** DATA **
※ ※ ※

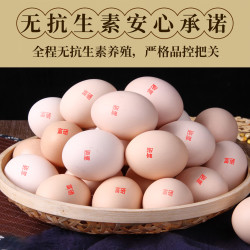 饮食乐 富硒鲜鸡蛋 4斤40枚装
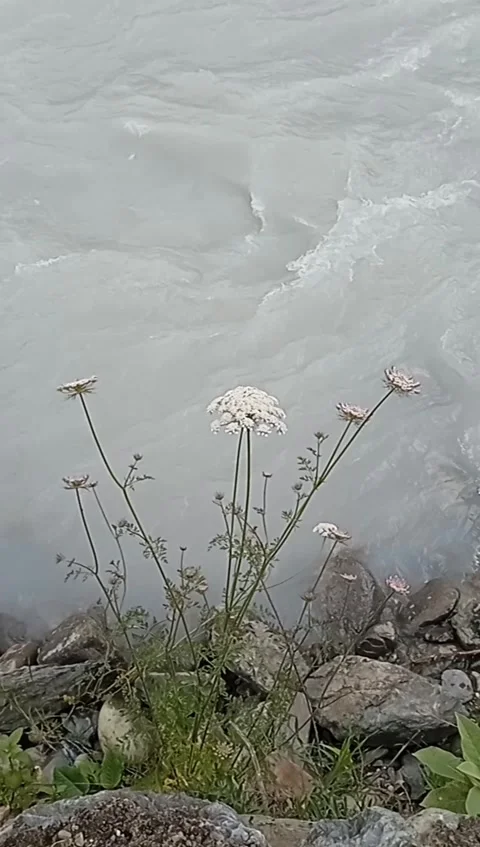 Wild Flowers by Glacial River | 4K Nature B-Roll Kashmir Stock Footage 337094677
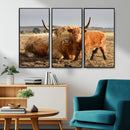 Highland Cow Canvas Wall Art Animal Print for Farm House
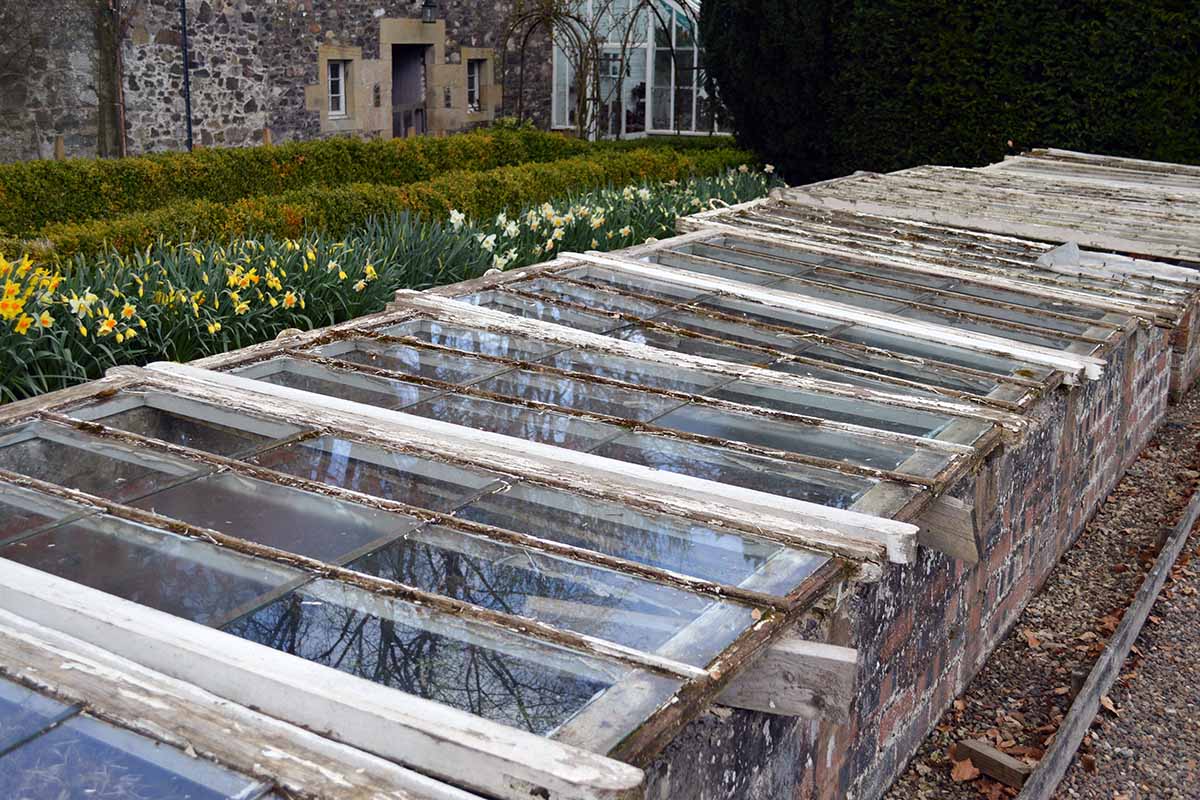 A horizontal image of a large brick cold frame outside a huge residence.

※ ※ ※

All of the data above must be printed exactly, minus its pictures.

** SOLVED EXERCISE **
 饮食乐 富硒鲜鸡蛋 4斤40枚装
 Wild Flowers by Glacial River | 4K Nature B-Roll Kashmir Stock Footage 337094677
 Highland Cow Canvas Wall Art Animal Print for Farm House
 A horizontal image of a large brick cold frame outside a huge residence.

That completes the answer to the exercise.